That is, a negative electrode plate for a lead storage battery according to the present invention is for a lead storage battery comprising an active material containing carbon particles and a lattice body having a lattice portion in which a plurality of grids are formed and holding the active material.

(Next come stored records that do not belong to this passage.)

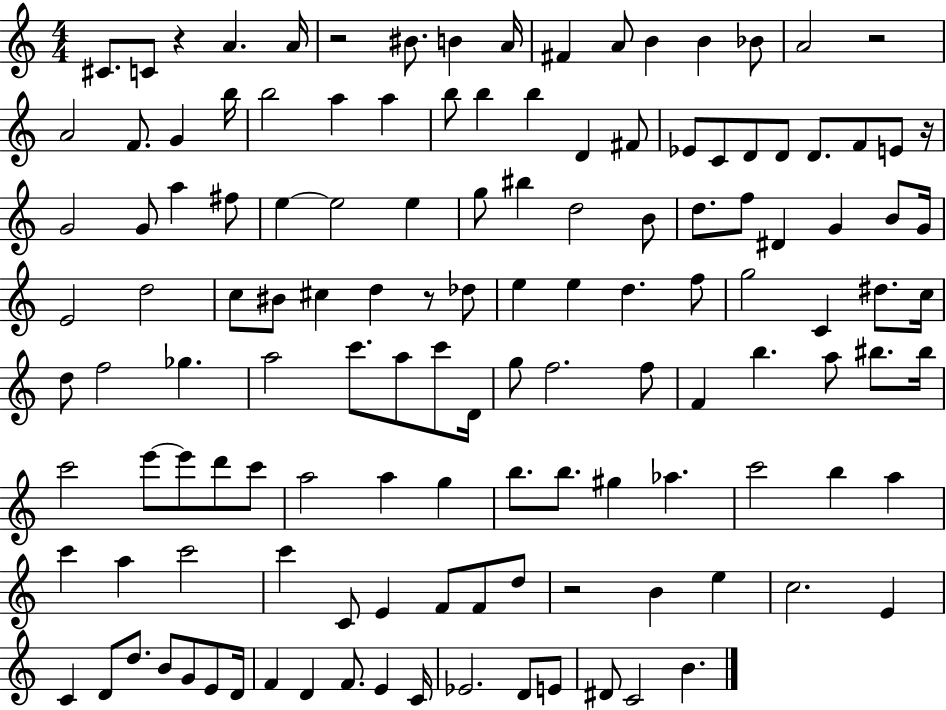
X:1
T:Untitled
M:4/4
L:1/4
K:C
^C/2 C/2 z A A/4 z2 ^B/2 B A/4 ^F A/2 B B _B/2 A2 z2 A2 F/2 G b/4 b2 a a b/2 b b D ^F/2 _E/2 C/2 D/2 D/2 D/2 F/2 E/2 z/4 G2 G/2 a ^f/2 e e2 e g/2 ^b d2 B/2 d/2 f/2 ^D G B/2 G/4 E2 d2 c/2 ^B/2 ^c d z/2 _d/2 e e d f/2 g2 C ^d/2 c/4 d/2 f2 _g a2 c'/2 a/2 c'/2 D/4 g/2 f2 f/2 F b a/2 ^b/2 ^b/4 c'2 e'/2 e'/2 d'/2 c'/2 a2 a g b/2 b/2 ^g _a c'2 b a c' a c'2 c' C/2 E F/2 F/2 d/2 z2 B e c2 E C D/2 d/2 B/2 G/2 E/2 D/4 F D F/2 E C/4 _E2 D/2 E/2 ^D/2 C2 B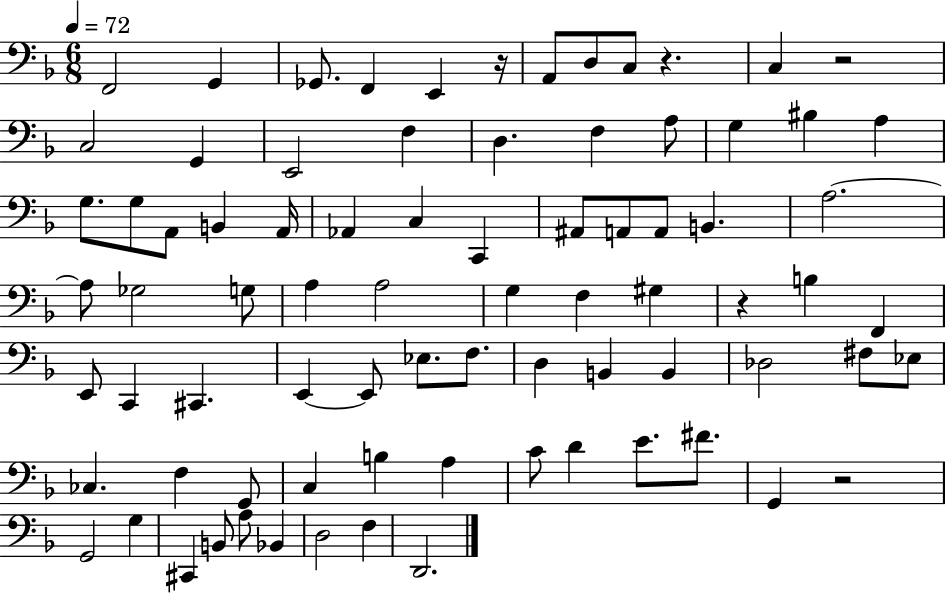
F2/h G2/q Gb2/e. F2/q E2/q R/s A2/e D3/e C3/e R/q. C3/q R/h C3/h G2/q E2/h F3/q D3/q. F3/q A3/e G3/q BIS3/q A3/q G3/e. G3/e A2/e B2/q A2/s Ab2/q C3/q C2/q A#2/e A2/e A2/e B2/q. A3/h. A3/e Gb3/h G3/e A3/q A3/h G3/q F3/q G#3/q R/q B3/q F2/q E2/e C2/q C#2/q. E2/q E2/e Eb3/e. F3/e. D3/q B2/q B2/q Db3/h F#3/e Eb3/e CES3/q. F3/q G2/e C3/q B3/q A3/q C4/e D4/q E4/e. F#4/e. G2/q R/h G2/h G3/q C#2/q B2/e A3/e Bb2/q D3/h F3/q D2/h.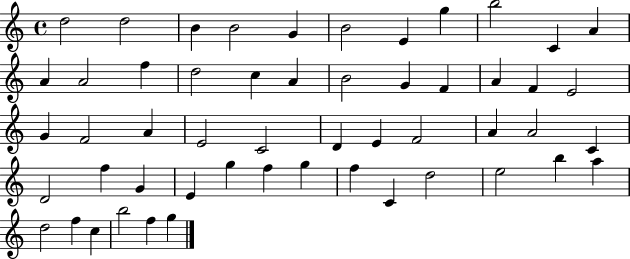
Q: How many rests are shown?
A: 0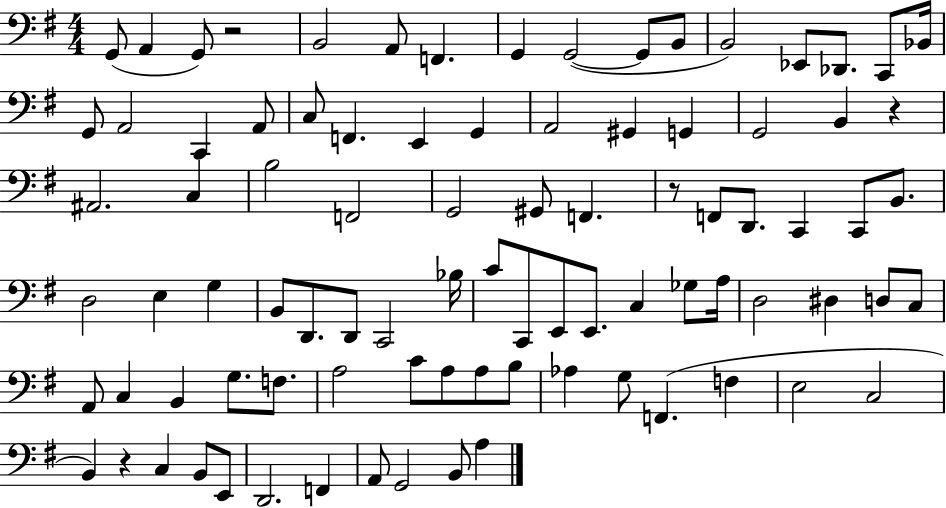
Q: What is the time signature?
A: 4/4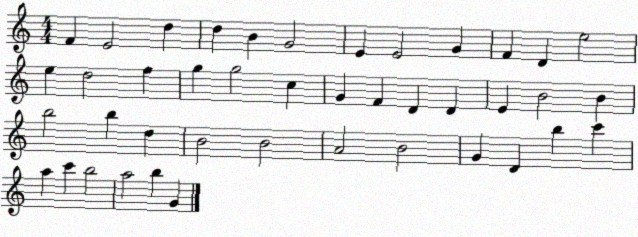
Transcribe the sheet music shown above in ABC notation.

X:1
T:Untitled
M:4/4
L:1/4
K:C
F E2 d d B G2 E E2 G F D e2 e d2 f g g2 c G F D D E B2 B b2 b d B2 B2 A2 B2 G D b c' a c' b2 a2 b G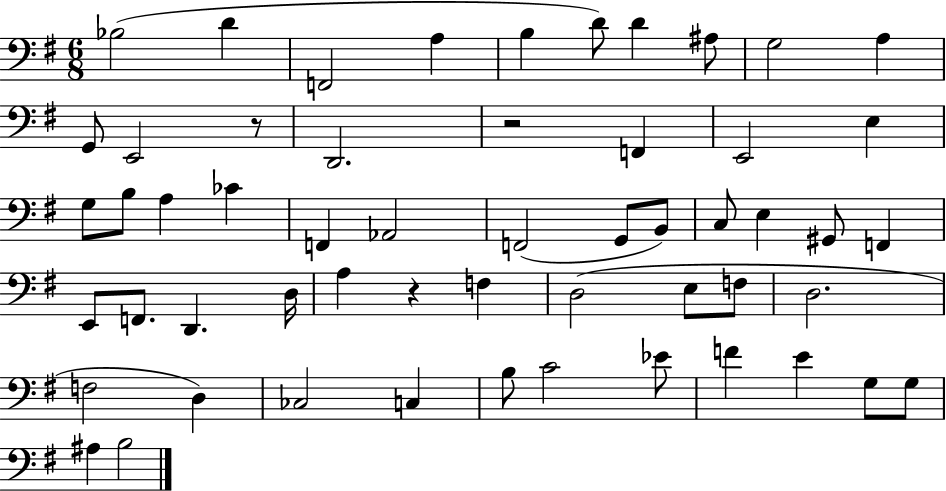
Bb3/h D4/q F2/h A3/q B3/q D4/e D4/q A#3/e G3/h A3/q G2/e E2/h R/e D2/h. R/h F2/q E2/h E3/q G3/e B3/e A3/q CES4/q F2/q Ab2/h F2/h G2/e B2/e C3/e E3/q G#2/e F2/q E2/e F2/e. D2/q. D3/s A3/q R/q F3/q D3/h E3/e F3/e D3/h. F3/h D3/q CES3/h C3/q B3/e C4/h Eb4/e F4/q E4/q G3/e G3/e A#3/q B3/h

A value obtained by dividing the carbon conductivity of the carbon particles obtained by the following formula (1) by the mesh area of the lattice obtained by the following formula (2) (carbon conductivity / mesh area) Is 1.0 × 10 ¹⁷ Ω ⁻¹ · m ⁻⁴ · mass% or more.

Carbon conductivity (× 10 ¹³ Ω− ¹ · m ⁻² ·% by mass) = content (% by mass) in the active material after chemical conversion / {powder resistivity (× 10 ⁻⁴ Ω · m) × average particle diameter (× 10 ⁻⁹ m)} Expression (1)
Mesh area (× 10 ⁻⁴ m ² ) = lattice width (× 10 ⁻² m) × lattice height (× 10 ⁻² m) / number of squares (2)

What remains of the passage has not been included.